C'est l'autre saison riche de l'académie Goncourt. On en parle moins, on a tort...
Poésie, nouvelle et premier roman trouvent place dans un beau palmarès qui mérite de s'y arrêter un moment.
La poétesse luxembourgeoise Anise Koltz, souvent récompensée par d'autres jurys, reçoit, pour l'ensemble de son oeuvre, le Goncourt de la poésie. A près de 90 ans (elle les aura en juin), il n'était pas trop tard, mais il était temps. Il y a deux ans, la collection Poésie/Gallimard avait publié une anthologie de ses poèmes, sous le beau titre: Somnambule du jour. J'en extrais le début de sa préface:
Dès que j’écris une phrase, je suis désorientée et embarrassée, déjà, j’ai envie de la rejeter pour dire dans la suivante le contraire. C’est que j’ai toujours l’impression que l’essentiel m’échappe. La double face, le côté caché des choses.

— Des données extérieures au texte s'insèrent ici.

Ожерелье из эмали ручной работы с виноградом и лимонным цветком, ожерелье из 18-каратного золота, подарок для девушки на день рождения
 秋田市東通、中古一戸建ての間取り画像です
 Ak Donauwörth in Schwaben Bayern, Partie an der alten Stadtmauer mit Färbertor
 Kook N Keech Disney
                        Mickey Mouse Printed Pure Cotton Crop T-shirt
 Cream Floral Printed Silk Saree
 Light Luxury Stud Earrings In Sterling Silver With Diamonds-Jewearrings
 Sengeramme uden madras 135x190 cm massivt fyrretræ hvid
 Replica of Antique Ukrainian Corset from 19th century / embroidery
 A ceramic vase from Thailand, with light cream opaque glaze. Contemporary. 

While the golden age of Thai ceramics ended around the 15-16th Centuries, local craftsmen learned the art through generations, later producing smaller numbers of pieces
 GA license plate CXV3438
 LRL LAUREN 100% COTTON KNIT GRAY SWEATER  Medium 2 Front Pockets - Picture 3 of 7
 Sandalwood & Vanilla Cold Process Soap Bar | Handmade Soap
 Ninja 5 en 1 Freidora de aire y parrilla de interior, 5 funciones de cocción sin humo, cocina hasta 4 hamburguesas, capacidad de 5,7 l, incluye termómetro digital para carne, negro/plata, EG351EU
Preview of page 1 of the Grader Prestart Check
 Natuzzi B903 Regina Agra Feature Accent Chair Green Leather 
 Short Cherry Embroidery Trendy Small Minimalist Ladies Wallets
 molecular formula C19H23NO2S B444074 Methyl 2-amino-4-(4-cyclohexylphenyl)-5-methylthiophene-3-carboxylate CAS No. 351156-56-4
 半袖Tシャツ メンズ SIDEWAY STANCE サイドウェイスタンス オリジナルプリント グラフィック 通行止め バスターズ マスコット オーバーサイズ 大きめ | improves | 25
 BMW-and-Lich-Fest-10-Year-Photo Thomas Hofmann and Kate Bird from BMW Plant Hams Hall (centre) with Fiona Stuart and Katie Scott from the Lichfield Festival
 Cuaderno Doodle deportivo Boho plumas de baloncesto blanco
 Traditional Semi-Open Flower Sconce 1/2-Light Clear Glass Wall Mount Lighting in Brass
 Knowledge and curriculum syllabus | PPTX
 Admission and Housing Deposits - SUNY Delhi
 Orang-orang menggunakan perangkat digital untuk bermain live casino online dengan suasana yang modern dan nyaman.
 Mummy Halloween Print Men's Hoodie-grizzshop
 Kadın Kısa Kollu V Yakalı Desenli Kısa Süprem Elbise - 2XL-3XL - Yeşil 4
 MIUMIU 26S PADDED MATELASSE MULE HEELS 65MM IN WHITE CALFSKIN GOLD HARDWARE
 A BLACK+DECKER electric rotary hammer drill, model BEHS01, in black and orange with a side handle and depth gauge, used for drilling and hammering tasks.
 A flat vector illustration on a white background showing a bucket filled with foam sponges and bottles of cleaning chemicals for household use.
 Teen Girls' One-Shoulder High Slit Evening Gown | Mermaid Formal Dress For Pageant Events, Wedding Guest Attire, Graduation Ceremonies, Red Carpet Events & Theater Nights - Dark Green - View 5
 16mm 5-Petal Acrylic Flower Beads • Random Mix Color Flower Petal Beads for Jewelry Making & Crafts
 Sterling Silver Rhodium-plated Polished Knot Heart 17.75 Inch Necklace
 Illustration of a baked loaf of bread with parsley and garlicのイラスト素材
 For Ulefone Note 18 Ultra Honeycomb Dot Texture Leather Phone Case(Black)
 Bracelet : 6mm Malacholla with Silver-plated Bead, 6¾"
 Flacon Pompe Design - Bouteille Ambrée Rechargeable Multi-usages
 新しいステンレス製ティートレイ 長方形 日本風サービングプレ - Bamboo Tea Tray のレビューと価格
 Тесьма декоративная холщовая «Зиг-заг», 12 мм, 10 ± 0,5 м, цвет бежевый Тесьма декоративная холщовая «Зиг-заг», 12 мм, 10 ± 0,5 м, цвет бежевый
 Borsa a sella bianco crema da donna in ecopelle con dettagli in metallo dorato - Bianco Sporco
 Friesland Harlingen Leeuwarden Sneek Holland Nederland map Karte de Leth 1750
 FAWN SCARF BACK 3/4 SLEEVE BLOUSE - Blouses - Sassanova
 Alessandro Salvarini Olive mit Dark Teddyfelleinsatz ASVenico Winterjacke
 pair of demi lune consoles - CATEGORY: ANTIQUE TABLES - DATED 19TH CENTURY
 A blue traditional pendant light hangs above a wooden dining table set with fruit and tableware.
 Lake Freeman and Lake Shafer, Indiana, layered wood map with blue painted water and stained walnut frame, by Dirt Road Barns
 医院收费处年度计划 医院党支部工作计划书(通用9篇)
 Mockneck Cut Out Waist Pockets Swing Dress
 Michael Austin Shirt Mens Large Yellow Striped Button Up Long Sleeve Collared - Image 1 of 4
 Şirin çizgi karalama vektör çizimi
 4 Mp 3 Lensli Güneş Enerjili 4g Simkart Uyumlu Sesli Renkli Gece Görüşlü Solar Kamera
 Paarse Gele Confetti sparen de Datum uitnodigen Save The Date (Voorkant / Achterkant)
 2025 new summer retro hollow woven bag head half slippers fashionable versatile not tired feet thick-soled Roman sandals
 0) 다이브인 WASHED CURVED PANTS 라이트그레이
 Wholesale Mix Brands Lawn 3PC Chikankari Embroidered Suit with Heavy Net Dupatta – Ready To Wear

Et deux vers sous la simplicité desquels grouille un monde poétique:
Mes poèmes sont des pierres / du mur de lamentation
Le Goncourt de la nouvelle couronne, au premier tour à 6 voix contre 4 pour Hélène Lenoir (Demi-tour, chez Grasset), il aurait pu le faire il y a onze ans pour Microfictions (mais cela avait été, alors le Prix France Culture/Télérama), Régis Jauffret pour Microfictions 2018 (Gallimard), suite (et pas fin?) d'une entreprise gigantesque (étiquetée roman sur la couverture) à travers laquelle l'écrivain entend raconter, par fragments, rien moins que le monde. Un peu plus de mille pages pour moitié moins d'histoires brèves, taillées à l'os, cyniques, sévères, cruelles, et pourtant si tendres.
Je vous confie la chute de la dernière microfiction du volume, en espérant vous donner envie de découvrir tout ce qu'il y a avant:
Installée à la table de la cuisine Karine faisait semblant de corriger le manuscrit pendant que les deux flics me demandaient de les suivre tranquillement pour ne pas les obliger à me passer les menottes devant les enfants.
Le Goncourt du premier roman va, au premier tour à 6 voix contre 4 pour Myriam Leroy (Ariane, chez Don Quichotte), à Mahir Guven pour Grand frère (Philippe Rey), un ouvrage paru lors de la dernière rentrée littéraire d'automne et pas vraiment noyé dans la masse puisqu'il a émergé à la faveur, cette année déjà, des Prix Première, en Belgique, et Régine Deforges, en France. Le début accroche l'attention:
La seule vérité, c’est la mort. Le reste n’est qu’une liste de détails. Quoi qu’il vous arrive dans la vie, toutes les routes mènent à la tombe. Une fois que le constat est fait, faut juste se trouver une raison de vivre. La vie ? J’ai appris à la tutoyer en m’approchant de la mort. Je flirte avec l’une en pensant à l’autre. Tout le temps, depuis que l’autre chien, mon sang, ma chair, mon frère, est parti loin, là-bas, sur la terre des fous et des cinglés. Là où, pour une cigarette grillée, on te sabre la tête. En Terre sainte.